Since Mauritania won independence from France in 1960, an Arab-Berber elite has come to dominate every sphere of society – from government, to business, to religion – securing its grip through discriminatory “Arabisation” policies.
But the spectre of solidarity between Black Mauritania’s communities has hung over the head of the powerful Arab-Berbers, a minority who account for just 30 percent, leading to divide and rule tactics and efforts to reduce the Black population.
This is something Cherif is painfully aware of.
Driving through Washington each morning, observing the ranks of national guard and police poised at the ready for word from a president who has already threatened violence against the Black Lives Matter movement, reminded him of Mauritania in the late 80s, as the country’s racial powder keg threatened to explode.
‘De facto slavery’
As an ethnic Fulani, Cherif belongs to one of a number of Black African ethnic groups which together make up 30 percent of the country’s population.
The balance is made up by the Haratin, the poor Black descendants of slaves once owned by the Arab-Berber population. Half still live in conditions of “de facto slavery,” according to the UN.
Through the 80s, the country’s Arab-Berber-led government intensified its purges of Black Africans from the administration, and from the farms they occupied in the country’s fertile south.
The government’s Arab-nationalist Baathist ideology was strongly influenced by Hafez al-Assad of Syria and Saddam Hussein of Iraq – brutal authoritarians in their own right.
Matters came to a head in 1989 when tens of thousands of Black Africans were rounded up and expelled to neighbouring Mali and Senegal.
Hundreds of villages were set ablaze, prized cattle seized and women raped as the country’s Black African population was reduced by an estimated eight percent.
It was the Haratin, prodded along by their erstwhile masters, who conducted the pogroms, before settling on the fertile farms vacated by fleeing refugees.
Amid the lawlessness and impunity, Cherif, who was in his late teens, was also expelled.
It happened after a police officer took a liking to a young lady Cherif had been dating. When he refused to step aside, he was threatened.
“He told me he would deport me,” said Cherif. “And that’s what he did.”
The officer arrived with a colleague and took him away. After four years in Senegal he returned in 1993, and became a campaigner for PLEJ, the first political party to represent Black Mauritanians.
He moved to the US soon after. But even there, Black Mauritanian’s still face racism, said Abdoulaye Sow, who fled to the US after what survivors call the “genocide” of 1989.
“We feel the discrimination directed at all blacks in the US in every aspects of our lives,” said Abdoulaye.

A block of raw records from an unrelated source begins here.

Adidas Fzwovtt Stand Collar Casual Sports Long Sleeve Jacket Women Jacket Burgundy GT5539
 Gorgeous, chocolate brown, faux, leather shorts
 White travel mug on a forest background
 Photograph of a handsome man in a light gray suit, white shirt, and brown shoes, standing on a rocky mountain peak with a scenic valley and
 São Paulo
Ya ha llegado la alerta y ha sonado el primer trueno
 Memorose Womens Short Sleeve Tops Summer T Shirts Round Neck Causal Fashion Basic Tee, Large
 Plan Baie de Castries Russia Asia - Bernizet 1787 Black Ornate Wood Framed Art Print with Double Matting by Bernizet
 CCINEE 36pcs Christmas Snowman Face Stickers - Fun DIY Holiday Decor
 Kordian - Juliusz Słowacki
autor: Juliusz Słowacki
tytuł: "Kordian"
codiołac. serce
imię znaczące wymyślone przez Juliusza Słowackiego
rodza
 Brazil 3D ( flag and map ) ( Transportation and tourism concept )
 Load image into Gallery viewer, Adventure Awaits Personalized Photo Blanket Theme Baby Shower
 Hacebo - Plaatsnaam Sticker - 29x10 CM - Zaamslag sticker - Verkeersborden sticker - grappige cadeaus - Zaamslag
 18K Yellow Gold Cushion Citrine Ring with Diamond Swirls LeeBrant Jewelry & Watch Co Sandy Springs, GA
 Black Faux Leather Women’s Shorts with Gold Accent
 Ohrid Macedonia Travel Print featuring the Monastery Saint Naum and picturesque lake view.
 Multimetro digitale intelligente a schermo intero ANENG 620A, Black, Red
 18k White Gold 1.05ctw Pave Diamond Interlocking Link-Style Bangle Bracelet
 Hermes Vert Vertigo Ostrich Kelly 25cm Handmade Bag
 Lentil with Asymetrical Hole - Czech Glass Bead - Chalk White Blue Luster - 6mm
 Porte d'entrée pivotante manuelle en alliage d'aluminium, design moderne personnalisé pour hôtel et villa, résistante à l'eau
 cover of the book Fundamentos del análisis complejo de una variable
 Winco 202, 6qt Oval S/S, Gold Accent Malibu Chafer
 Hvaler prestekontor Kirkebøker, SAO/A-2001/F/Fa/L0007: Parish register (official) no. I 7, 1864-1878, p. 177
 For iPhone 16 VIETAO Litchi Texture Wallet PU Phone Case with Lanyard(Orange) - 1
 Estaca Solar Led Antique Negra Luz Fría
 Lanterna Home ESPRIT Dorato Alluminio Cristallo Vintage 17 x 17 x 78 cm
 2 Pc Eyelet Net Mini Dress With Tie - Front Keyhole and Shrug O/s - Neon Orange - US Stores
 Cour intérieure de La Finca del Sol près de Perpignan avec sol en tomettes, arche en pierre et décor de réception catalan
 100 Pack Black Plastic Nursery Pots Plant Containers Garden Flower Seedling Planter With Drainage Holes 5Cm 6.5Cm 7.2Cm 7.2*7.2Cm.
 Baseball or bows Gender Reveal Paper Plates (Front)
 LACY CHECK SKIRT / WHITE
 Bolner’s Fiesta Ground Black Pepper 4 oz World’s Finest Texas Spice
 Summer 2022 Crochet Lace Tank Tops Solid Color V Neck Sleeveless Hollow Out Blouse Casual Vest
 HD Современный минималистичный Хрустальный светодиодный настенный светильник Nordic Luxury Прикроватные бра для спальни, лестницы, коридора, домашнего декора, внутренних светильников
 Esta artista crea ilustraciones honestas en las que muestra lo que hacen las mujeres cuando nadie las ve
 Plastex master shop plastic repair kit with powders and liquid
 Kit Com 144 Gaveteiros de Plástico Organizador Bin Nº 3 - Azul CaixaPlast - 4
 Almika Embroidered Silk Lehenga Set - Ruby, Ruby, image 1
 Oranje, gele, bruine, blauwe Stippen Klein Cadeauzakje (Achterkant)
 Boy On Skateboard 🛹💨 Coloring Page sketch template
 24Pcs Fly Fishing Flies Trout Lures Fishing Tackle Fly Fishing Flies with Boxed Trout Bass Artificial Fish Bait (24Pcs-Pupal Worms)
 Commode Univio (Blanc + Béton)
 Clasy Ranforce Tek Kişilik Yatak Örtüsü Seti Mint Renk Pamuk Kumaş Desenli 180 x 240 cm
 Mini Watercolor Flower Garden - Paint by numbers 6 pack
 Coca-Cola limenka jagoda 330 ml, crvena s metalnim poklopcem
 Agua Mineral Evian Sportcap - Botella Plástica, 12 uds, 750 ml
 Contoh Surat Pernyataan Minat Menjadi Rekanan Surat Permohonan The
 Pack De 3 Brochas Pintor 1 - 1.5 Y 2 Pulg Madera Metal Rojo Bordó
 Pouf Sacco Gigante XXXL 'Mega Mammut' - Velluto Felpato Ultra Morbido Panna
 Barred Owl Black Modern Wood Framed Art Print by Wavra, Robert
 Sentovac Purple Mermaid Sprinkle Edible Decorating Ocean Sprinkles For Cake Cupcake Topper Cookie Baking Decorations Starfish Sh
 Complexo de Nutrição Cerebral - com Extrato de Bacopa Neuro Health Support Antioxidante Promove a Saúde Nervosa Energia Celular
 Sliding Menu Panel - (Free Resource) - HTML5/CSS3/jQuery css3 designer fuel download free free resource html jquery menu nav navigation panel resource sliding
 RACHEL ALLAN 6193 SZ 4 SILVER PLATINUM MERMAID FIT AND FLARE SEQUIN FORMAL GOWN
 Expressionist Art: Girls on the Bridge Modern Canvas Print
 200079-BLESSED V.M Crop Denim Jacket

“We get pulled over by the police. We feel it when we apply for jobs and when trying to get promoted.
“We feel it everywhere and we just have to deal with it because home is worse.”
This weekend, Cherif took Abdoul to further protests and remains upbeat about their outcome.
“There are going to be some changes. It’s not going to be a hundred percent change but I’m optimistic there are going to be some real changes this time,” said Cherif.
‘We feel the discrimination directed at all blacks in the US in every aspects of our lives. We feel it everywhere and we just have to deal with it because home is worse’
– Abdoulaye Sow
But when asked what Abdoul would like to be when he grows up, Cherif laughs, before saying, remarkably: “He said he wants to be a police officer.”
Cherif puts it down to the influence of the computer game Fortnite.
“It’s this game they play everyday I was going to take them off it,” he said.
In a short video about his future plans, Abdoul is asked by his father why he wants to become a police officer. “So I can help people,” he replies.
Asked if he would ever shoot people, he says “no”. When asked why: “Because I don’t want to go to prison,” he says.